* [WORK TASK] Look through the material below and copy exactly the lines from the line with "PTGS1 / COX-1" to the line with "Positive WB detected", those two lines included.

* [LISTED ENTRIES]
* * * * * * * * *

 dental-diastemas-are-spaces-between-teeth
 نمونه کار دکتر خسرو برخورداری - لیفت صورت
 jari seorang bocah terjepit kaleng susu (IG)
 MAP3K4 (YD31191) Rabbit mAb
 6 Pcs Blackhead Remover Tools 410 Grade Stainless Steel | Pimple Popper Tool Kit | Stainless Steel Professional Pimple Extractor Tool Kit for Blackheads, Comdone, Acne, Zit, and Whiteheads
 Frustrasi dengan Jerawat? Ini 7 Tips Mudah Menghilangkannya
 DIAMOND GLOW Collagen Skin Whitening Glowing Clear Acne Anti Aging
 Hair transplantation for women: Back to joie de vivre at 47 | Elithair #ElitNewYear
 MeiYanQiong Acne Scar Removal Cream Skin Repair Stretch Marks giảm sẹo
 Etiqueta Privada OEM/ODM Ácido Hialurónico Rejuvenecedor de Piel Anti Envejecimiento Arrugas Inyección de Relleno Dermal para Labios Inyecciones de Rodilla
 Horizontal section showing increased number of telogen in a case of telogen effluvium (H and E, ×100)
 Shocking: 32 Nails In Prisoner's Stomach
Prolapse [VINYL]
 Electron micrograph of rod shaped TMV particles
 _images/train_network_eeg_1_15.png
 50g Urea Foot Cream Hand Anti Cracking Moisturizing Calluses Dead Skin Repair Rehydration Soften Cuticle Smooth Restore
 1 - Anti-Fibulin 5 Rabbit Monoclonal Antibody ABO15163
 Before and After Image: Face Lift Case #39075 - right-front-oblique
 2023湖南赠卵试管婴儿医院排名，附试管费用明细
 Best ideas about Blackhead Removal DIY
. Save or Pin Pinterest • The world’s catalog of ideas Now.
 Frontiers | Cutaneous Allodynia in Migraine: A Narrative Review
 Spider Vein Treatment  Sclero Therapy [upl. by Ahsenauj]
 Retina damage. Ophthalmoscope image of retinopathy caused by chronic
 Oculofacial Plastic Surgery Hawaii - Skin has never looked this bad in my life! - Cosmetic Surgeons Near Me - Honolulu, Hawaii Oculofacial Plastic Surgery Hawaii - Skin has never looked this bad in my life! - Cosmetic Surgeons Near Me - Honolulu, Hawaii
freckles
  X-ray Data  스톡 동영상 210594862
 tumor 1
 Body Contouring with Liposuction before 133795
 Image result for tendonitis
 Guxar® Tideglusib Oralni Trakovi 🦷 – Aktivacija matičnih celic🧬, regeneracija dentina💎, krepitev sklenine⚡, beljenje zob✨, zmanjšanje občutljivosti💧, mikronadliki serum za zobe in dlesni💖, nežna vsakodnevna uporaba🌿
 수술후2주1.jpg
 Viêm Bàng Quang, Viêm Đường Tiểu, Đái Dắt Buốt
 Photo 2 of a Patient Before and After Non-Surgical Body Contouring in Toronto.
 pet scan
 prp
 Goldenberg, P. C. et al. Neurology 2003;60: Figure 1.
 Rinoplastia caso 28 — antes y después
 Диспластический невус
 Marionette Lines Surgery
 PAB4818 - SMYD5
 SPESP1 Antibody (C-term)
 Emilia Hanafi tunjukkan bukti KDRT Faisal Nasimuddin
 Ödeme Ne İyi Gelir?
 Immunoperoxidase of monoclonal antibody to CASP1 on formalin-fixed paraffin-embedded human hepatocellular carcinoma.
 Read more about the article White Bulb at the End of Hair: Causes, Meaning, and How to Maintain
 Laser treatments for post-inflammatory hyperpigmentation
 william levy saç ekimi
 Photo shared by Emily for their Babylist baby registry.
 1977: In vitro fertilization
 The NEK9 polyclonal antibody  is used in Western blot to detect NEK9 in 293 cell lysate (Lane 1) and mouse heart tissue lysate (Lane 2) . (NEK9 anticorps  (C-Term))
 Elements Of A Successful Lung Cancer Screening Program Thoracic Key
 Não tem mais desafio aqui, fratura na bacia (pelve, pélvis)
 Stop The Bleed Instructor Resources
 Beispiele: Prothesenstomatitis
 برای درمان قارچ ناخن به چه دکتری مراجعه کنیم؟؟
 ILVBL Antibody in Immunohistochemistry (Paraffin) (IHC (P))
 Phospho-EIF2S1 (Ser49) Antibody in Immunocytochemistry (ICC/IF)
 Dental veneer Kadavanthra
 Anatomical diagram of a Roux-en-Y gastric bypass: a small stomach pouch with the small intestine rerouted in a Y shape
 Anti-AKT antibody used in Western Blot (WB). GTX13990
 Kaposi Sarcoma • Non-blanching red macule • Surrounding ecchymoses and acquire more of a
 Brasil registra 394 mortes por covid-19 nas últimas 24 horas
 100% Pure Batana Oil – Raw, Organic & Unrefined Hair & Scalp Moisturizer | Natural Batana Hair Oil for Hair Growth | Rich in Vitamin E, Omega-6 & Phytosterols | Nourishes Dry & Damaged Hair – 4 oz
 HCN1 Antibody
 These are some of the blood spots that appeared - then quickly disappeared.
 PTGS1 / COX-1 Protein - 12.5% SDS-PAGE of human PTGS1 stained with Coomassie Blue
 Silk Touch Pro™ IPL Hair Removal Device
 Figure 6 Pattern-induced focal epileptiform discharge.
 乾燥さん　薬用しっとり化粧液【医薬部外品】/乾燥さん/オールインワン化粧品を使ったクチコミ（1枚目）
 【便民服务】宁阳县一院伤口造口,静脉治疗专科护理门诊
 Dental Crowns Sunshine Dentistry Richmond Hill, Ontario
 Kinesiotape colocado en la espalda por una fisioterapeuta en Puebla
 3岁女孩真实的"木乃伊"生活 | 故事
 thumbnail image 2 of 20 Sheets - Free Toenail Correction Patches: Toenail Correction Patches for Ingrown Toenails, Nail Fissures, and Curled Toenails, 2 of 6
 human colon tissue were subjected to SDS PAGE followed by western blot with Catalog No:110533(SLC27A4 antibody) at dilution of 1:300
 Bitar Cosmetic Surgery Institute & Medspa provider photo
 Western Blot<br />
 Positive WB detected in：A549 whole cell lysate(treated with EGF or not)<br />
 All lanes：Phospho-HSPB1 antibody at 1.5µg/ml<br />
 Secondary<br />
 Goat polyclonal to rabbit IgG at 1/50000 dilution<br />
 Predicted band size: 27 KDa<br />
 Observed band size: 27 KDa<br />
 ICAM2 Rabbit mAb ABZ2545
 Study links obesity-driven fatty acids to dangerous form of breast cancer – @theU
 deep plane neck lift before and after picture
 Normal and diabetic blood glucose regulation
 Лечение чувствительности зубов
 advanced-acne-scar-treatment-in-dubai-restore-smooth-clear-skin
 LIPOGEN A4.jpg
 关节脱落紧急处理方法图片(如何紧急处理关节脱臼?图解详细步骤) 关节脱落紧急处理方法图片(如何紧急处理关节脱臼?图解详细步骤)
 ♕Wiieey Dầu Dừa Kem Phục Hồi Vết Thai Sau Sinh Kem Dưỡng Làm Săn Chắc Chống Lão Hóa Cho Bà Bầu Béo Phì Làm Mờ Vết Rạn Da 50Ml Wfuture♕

* * * * * * * * *

* [OUTPUT OF THE EXERCISE]
 PTGS1 / COX-1 Protein - 12.5% SDS-PAGE of human PTGS1 stained with Coomassie Blue
 Silk Touch Pro™ IPL Hair Removal Device
 Figure 6 Pattern-induced focal epileptiform discharge.
 乾燥さん　薬用しっとり化粧液【医薬部外品】/乾燥さん/オールインワン化粧品を使ったクチコミ（1枚目）
 【便民服务】宁阳县一院伤口造口,静脉治疗专科护理门诊
 Dental Crowns Sunshine Dentistry Richmond Hill, Ontario
 Kinesiotape colocado en la espalda por una fisioterapeuta en Puebla
 3岁女孩真实的"木乃伊"生活 | 故事
 thumbnail image 2 of 20 Sheets - Free Toenail Correction Patches: Toenail Correction Patches for Ingrown Toenails, Nail Fissures, and Curled Toenails, 2 of 6
 human colon tissue were subjected to SDS PAGE followed by western blot with Catalog No:110533(SLC27A4 antibody) at dilution of 1:300
 Bitar Cosmetic Surgery Institute & Medspa provider photo
 Western Blot<br />
 Positive WB detected in：A549 whole cell lysate(treated with EGF or not)<br />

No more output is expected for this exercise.